- **Problem to work on**: Count how many lines in the entries below hold the string "Grey", and respond with that number only.

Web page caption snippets

>>>>>

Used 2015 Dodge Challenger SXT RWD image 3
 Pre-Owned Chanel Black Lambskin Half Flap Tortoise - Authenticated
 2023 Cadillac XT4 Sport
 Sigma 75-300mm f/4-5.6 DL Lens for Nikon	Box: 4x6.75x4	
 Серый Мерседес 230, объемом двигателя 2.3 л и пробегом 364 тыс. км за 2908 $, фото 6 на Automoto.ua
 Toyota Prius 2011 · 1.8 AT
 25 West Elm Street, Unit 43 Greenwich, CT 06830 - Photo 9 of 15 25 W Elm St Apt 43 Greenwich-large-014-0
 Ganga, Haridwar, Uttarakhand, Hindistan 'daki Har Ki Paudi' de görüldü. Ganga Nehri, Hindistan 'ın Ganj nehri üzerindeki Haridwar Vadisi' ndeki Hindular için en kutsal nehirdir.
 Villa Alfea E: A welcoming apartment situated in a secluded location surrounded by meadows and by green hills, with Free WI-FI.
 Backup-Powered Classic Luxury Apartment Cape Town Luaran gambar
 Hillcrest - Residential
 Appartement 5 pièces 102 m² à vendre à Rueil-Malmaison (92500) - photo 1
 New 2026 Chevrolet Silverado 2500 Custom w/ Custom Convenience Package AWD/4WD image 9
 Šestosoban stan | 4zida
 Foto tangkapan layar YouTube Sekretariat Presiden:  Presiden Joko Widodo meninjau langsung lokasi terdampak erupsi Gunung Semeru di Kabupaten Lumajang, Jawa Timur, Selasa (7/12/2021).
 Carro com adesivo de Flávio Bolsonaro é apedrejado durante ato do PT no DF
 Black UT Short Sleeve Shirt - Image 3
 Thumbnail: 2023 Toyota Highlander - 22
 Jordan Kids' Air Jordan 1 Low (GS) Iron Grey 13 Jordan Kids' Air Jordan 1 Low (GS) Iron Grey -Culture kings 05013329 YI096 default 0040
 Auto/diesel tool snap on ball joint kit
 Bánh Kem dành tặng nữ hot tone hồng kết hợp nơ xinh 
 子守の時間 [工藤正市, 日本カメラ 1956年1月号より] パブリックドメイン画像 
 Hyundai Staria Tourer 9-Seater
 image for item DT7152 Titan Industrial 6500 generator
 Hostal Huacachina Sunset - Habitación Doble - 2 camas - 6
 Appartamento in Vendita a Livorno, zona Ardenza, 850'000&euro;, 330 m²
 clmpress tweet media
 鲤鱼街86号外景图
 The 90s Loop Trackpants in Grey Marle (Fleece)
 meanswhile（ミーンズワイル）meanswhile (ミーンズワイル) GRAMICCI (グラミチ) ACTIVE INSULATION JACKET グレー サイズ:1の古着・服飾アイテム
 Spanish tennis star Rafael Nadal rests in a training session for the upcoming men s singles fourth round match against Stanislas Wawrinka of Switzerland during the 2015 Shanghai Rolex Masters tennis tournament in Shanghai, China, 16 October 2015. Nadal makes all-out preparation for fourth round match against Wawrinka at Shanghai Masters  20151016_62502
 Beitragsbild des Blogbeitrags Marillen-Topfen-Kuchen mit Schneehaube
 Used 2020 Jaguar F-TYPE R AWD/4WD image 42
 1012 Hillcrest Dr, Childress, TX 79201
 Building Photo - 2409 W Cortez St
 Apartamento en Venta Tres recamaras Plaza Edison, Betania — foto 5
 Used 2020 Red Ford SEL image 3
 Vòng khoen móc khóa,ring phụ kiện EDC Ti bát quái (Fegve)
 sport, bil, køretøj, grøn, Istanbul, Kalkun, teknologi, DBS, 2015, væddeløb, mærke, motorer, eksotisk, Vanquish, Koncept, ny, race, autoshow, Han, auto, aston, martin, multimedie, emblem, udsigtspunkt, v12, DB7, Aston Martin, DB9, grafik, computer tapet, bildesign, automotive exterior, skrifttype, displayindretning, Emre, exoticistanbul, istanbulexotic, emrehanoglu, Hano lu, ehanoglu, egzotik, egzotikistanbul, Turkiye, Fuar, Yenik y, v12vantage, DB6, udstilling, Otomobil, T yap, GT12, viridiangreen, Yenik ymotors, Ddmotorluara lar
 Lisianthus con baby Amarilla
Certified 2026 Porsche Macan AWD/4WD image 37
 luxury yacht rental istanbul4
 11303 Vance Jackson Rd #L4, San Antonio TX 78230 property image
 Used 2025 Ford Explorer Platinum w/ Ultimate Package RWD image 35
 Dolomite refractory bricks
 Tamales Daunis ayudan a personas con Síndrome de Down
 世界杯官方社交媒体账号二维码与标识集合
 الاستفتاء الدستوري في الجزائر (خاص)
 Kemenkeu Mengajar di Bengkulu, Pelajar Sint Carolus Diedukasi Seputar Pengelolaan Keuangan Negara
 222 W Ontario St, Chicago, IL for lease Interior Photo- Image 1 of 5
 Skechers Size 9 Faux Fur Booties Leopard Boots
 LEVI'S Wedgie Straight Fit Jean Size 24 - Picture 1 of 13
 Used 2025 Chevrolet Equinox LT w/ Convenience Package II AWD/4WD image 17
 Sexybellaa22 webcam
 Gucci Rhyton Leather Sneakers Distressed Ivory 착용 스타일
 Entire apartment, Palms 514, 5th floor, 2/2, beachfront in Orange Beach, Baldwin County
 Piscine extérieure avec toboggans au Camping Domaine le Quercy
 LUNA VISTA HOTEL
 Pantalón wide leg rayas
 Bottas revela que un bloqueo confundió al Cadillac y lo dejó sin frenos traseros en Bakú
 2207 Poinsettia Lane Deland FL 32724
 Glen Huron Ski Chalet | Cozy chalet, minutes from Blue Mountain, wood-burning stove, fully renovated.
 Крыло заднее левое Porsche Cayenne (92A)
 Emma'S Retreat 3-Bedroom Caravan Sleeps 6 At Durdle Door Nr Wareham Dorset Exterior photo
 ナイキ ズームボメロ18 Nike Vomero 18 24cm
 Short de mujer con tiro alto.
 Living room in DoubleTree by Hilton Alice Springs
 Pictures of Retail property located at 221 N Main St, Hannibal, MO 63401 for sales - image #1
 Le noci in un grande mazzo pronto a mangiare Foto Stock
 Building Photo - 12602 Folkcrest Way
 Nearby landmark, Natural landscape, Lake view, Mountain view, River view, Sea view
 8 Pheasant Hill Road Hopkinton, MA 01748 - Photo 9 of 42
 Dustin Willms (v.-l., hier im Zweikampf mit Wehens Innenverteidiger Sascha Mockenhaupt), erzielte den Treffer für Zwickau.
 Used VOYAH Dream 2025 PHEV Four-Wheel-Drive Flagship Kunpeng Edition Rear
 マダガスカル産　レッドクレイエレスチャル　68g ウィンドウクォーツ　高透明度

<<<<<

- **Response to the exercise**: 2